Building an RV - Meet Mel Hemann

Some hotrock RV jocks enjoy blasting the theme from "Top Gun" through their headsets as they taxi to the active. Mel Hemann puts in his CD of "Nearer, My God, To Thee." Which is appropriate, because when Mel takes off in his new RV-6, he becomes the only Catholic priest we know who has built and flown an RV.

Mel Hemann learned to fly in 1960, just a year after he was ordained. His instructor told him he should go for a commercial ticket because "you like flying and you’re good at it." Mel took him at his word, after his religious commitments, flying has been his main activity, both recreational and professional. He got the commercial, and then went on for his CFI. That instructor’s rating came in handy…just teaching his family kept him busy.

"My brothers John and Everett, also Catholic priests, are both instrument rated pilots, and Everett has his CFI. We finally ended up with six pilots in the family.

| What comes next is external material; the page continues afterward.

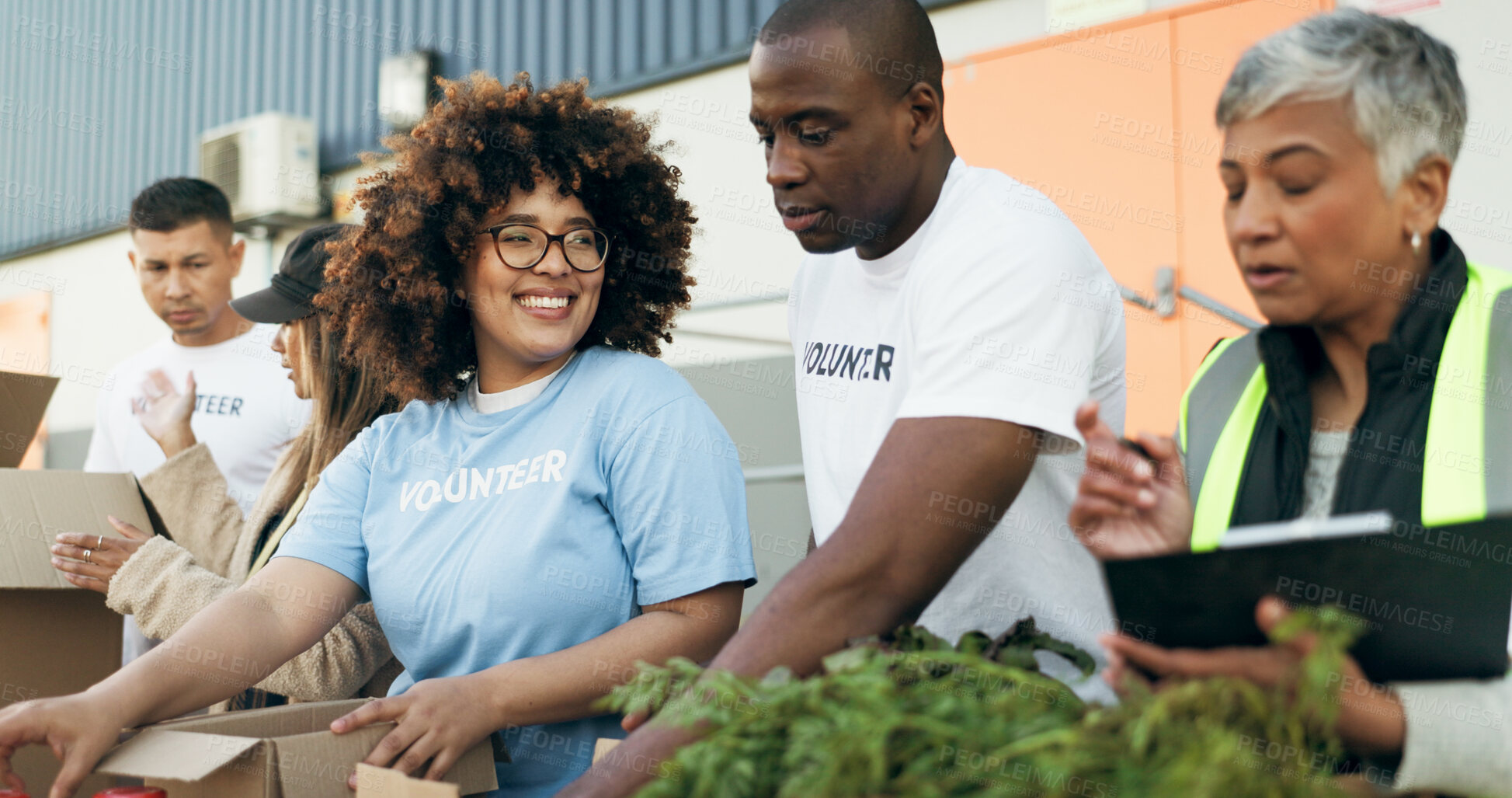 Buy stock photo Group of people, volunteer and checklist for food boxes on table for charity with care, kindness and help. Donation, men and women at ngo with grocery inventory for distribution at non profit project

My brother-in-law I didn’t teach…he got his instruction courtesy of the Luftwaffe and ended up flying Me 109s and FW 190s during the war. I added a few ratings over the years and finally got my ATP on the twenty-fifth of June, 1976. At the time, I was the only Catholic priest in the world with an ATP, but a few retired airline types have become priests now and I’ve lost the distinction."

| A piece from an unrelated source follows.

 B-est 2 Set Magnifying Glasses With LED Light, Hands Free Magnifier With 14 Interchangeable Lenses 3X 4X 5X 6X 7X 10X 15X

Over the years, Mel has served as a standby instructor and Part 135 pilot for the local FBO near his home in Cedar Rapids, IA and the other communities where he has been assigned. He has taught literally hundreds of people to fly and for years was a presenter at FAA Safety seminars.

"Those evenings often ended with me counseling people about everything but flying…many who would never have had the courage to approach their own pastors." he says.

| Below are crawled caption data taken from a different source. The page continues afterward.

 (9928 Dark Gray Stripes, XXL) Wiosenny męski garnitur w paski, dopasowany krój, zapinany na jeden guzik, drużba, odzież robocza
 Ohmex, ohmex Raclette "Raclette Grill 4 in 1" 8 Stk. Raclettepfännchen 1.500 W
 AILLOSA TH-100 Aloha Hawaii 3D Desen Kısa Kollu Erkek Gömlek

Mel has used airplanes extensively in his work for the Church. For 35 years he has been heavily involved in marriage and family work. Airplanes have given him the ability to achieve many things and get many places where people needed his help that just wouldn’t have been possible any other way. He often flies church officials to meetings, which has gained him some unexpected notoriety.

"I was asked to fly the Papal Nuncio, the Pope’s representative in the USA, to a meeting once. About four months later, he attended the 150th anniversary of our diocese in Dubuque. About 150 bishops, cardinals and priests were all milling around, lining up for the ceremony, when I hear ‘Hey, there’s my pilot. Mel, come on up here’. Somehow the Nuncio had picked me out of the crowd…. there was a lot of head turning among the powers that be trying to figure out just who I was."

Mel’s flying has taken him to all fifty states, and from the Arctic Circle to the Panama Canal. He’s landed on all the Caribbean Islands as far east as St. Croix and St. Thomas. A few years ago, he spent two weeks in Tanzania, flying doctors and nurses to jungle outposts in a Cessna 206.

As he approached retirement, he began contemplating another long cherished dream: building his own airplane. Luckily, he met Lyle Hefel. Looking at Lyle’s RV-6 quickly convinced Mel that an RV-6 was his kind of airplane and that a QuickBuild kit was the way to go. Mel began work in Lyle’s shop. For the next couple years, he put in as much time and effort as he could. Even with his calling, he couldn’t expect divine intervention. He had to learn from his mistakes just like everyone else. Lyle and Harry Styr provided the help and encouragement every first time builder needs. Somehow Mel found the time, between his responsibilities to the church and his activities as the newsletter editor for the National Association of Priest Pilots, to finish N298MH.

"I’ve been putting out that newsletter every other month since 1967 and I’ve only missed three issues. Once I was leading a group of students on a pilgrimage to Taize, France. Once, my mother died. And this last time, I elected to finish my airplane. I started the QB kit on September 15, 1996 and flew it November 5, 1998. Without Lyle and Harry, I’d probably be finishing up the empennage kit right about now. Instead, I have a fully IFR, high performance airplane that will take me just about anywhere. The first big cross-country was from Waterloo, IA to St. Augustine, FL and back to spend Thanksgiving with friends. I logged 6.2 hours going down and 7.0 on the way back, including 2.3 actual instrument time. Now I’m hoping to fly the airplane back to Oregon under its own power, to visit the place it left in a truck 2 1/2 years ago."